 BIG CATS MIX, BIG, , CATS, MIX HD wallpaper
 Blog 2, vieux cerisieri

+ + + + + + +

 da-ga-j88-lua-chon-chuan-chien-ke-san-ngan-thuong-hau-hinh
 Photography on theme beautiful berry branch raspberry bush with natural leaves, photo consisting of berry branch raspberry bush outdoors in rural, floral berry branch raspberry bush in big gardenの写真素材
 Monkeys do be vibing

+ + + + + + +

■ AIM OF THE TASK
Retype, in the same exact form, the lines of the material above from the line holding "BIG CATS MIX, BIG, , CATS, MIX HD wallpaper" through the line holding "Blog 2, vieux cerisieri".

■ RESULT
 BIG CATS MIX, BIG, , CATS, MIX HD wallpaper
 Blog 2, vieux cerisieri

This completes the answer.